_Exercise description_
Beginning with the first line of the data below, set down each line exactly through the line that contains "Hotwife Priya –".

_Record excerpts_
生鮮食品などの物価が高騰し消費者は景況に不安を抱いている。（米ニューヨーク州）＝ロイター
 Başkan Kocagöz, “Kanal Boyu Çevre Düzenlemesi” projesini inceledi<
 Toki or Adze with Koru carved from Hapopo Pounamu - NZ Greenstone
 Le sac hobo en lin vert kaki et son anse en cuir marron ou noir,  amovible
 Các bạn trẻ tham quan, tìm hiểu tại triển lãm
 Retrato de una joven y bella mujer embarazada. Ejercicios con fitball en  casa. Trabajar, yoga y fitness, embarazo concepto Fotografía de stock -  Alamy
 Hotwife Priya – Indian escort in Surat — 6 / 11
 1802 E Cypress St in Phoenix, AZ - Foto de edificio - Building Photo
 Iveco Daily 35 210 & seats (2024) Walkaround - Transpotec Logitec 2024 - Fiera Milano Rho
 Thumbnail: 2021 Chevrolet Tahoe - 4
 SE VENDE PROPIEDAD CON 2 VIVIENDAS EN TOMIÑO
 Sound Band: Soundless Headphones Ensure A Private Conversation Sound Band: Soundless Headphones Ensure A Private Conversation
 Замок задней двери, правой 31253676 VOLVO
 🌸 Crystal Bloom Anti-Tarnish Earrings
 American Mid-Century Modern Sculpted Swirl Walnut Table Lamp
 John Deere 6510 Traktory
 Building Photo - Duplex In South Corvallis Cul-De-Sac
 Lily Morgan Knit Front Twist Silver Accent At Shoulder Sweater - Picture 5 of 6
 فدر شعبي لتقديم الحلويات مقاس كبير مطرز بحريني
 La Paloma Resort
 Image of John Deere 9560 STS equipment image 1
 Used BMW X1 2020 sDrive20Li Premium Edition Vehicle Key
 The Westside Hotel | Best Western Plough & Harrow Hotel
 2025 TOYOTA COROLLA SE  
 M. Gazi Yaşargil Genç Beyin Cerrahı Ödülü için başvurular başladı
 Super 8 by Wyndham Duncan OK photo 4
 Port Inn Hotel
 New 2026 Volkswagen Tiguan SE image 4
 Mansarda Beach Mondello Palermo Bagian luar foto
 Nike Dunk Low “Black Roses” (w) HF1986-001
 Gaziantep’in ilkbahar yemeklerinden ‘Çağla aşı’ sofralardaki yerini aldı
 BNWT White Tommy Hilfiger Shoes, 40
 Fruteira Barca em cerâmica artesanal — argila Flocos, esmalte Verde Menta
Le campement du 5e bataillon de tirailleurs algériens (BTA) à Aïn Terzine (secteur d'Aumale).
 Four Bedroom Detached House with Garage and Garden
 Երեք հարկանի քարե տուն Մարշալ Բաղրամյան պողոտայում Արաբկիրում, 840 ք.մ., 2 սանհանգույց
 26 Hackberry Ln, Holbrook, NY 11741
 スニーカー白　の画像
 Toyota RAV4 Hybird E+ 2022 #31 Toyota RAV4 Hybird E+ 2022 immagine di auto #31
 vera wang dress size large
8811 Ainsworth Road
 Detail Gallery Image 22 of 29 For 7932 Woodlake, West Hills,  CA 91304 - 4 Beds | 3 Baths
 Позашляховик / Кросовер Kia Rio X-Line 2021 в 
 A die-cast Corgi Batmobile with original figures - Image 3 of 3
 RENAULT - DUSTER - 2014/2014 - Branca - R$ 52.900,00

_Answer to the exercise_
生鮮食品などの物価が高騰し消費者は景況に不安を抱いている。（米ニューヨーク州）＝ロイター
 Başkan Kocagöz, “Kanal Boyu Çevre Düzenlemesi” projesini inceledi<
 Toki or Adze with Koru carved from Hapopo Pounamu - NZ Greenstone
 Le sac hobo en lin vert kaki et son anse en cuir marron ou noir,  amovible
 Các bạn trẻ tham quan, tìm hiểu tại triển lãm
 Retrato de una joven y bella mujer embarazada. Ejercicios con fitball en  casa. Trabajar, yoga y fitness, embarazo concepto Fotografía de stock -  Alamy
 Hotwife Priya – Indian escort in Surat — 6 / 11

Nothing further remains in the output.